India is one of the famous countries to have spiritual & historical heritage. With a history of leaders like Swami Vivekananda, Mahatma Gandhi and Chanakya, India are a country the world learns from!
Love for reading something non-fiction pushed me to get hold of this book to make it my next read. The book is well written by the famous author Radhakrishnan Pillai, making the journey through the book easier for the reader. As the name suggests what the book is about, the book talks about Chanakya and his teachings of Arthashastra.

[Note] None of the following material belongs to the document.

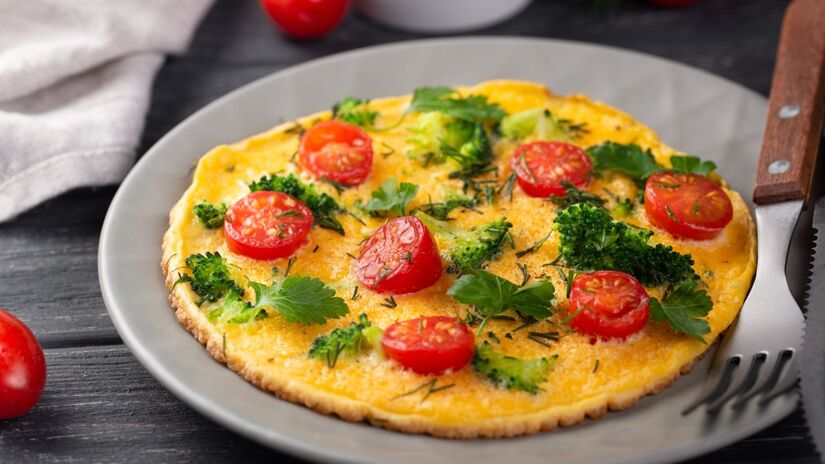 Omelete: bata os ovos e sal com um garfo e despeje no fundo de uma frigideira antiaderente, em fogo médio. Frite por 3 minutos, levantando as beiradas com m garfo para o ovo cru escorrer. Vire o ovo e frite até dourar.

Fotos: Freepik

When you get hold of the book, you take it with the mind-set of learning the Chanakya’s philosophies which you can use in your life, but unfortunately, this book doesn’t provide you with any of these. To my disappointment, the book nowhere talks about giving learning’s to the reader, but is actually talking about how the author became rich.
The style of writing used in the book is quite simple and easily readable. The intention to create such a book is to spread the knowledge to his readers. The thought of being an Indian and being proud about the same is what is kept in mind. The book has a few learnings but those are spread over the huge number of pages as 250 pages and is not justified as per the length of the book. Author is only able to say the reasons why someone shall study Arthshastra but doesn’t talk about what is there in the same much.
Calling it an autobiography will be very much wrong as the whole content is molded around the self-eulogy as the book talks about how the author saw Arthashastra. Rather, the book talks about how an aimless young fellow starts his journey of self – realization and becomes the richest man in the world. The author talks about himself and how he was led by his grandfather to follow the principles of Arthashastra to attain the success.
The book seems to be a little unclear as to what it is targeting to talk about making the facet lost. The book somehow loses the practicality of the life and seems to be like a cakewalk the author crosses to become the richest person. The book starts well with introducing about Chanakya and Arthashastra but somehow looses it’s track moving ahead.
One biggest lesson that I learnt from the book was that we should carry a positive attitude. Going for a job only for salary is not a good thought, but we should rather take it like an experience gaining activity we will be doing, which ultimately will be helping us later in our life.
Another remarkable learning from the book has been to become a king-maker rather than striving to become a king.
Although with expectations of reading a non-fiction book, I was disappointed to see that the book turned out to be a fictional one. The story that the author mentions seems to be real, but the omission of facts, names and other important characteristics, it ends up sounding more like a fictional book. It is good for the beginners though, as it gives them learning together with patience to read 250 pages with small chapters.